Twenty five years ago, during the Thatcher years, a few of us on the Left made the observation that it was potentially unhelpful to refer to the politics espoused by her Government as ‘Thatcherism’, even as a shorthand. Our argument went that if you attach a name to a branch of politics in that very overt way, then as soon as the individual dies, quits or gets voted out of office then, almost by definition, that form of politics disappears from the scene. There is a historical precedent; whilst 99% of everyone called the political beliefs of Hitler and his followers Nazism or Fascism, a few people in the 30s – often doctrinaire Communists – referred to it as ‘Hitlerism’. Whereas we’ve been able to spot Nazism over the decades, spotting the politics underlying ”Thatcherism’ seems to have been harder – the monetarist and ‘Shock Doctrine’ policies of the Chicago School have come back repeatedly to haunt us in many ways, culminating in the years of Bush Junior Government in the US.
This last election has been truly bizarre, with people repeatedly warning me about ‘re-electing Thatcher’ in the form of David Cameron. The irony is that some of the folks who’ve been most vociferously demonising Thatcher and the Tories were in the twenties and early 30s – in other words, when Thatcher was in power these folks were either foetuses or snot-nosed kids.
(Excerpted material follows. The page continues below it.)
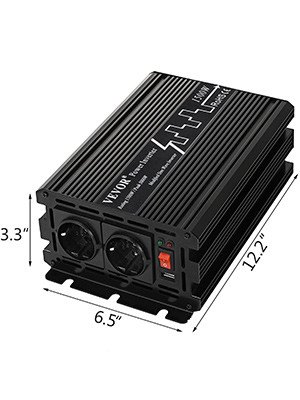 Spannungswandler 1500 3000 Watt 24v 230v Wechselrichter Softstart Neu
Demonising any individual politician is fraught with danger for those doing it; unless your target is very obviously evil incarnate (in which case the vast majority of people will see it anyway and you’re ‘preaching to the choir’) then folks will just regard it as sour grapes and ‘ad hominem’ arguments. One thing that has started happening in recent times in the UK is that people have become disillusioned with the political process, politicians and the whole schoolyard ethos that seems to have permeated British politics for the last 20 years. The demonisation of one individual or party by others involved in the same ‘game’, so to say, has all the elements of ‘pot calling kettle black’ and people have responded to it accordingly.
It IS last century – just look at the nonsense at ACAS last night when BA Chief Willie Walsh was surrounded by a good old fashioned British ‘leftie rent-a-mob’ that seemed to belong more in the 1970s at Grunwick than in 2010. The union chief was furious, ACAS was embarrassed and angry, Walsh commented on the disgust he felt in the situation he was in. The demonstrators focused their chants on Walsh, and have probably significantly damaged chances of settling the dispute. Seeing the placards from groups like ‘Socialist Worker’, for those of us who were in the Labour movement in the 80s and 90s it was like a return to old times with the ‘Usual Suspects’ – the professional hecklers and agitators who have no great desire to settle these disputes but simply seek to benefit from them.
Boys and girls, that approach is over. It was always pointless and now people see it for what it is – egotistical tantrum throwing by typically over-privileged, under-occupied political performance artists. If you want to achieve change in our society – get involved with genuine community groups and put your backs in to getting some work done. Demonising the opposition is childish and pointless.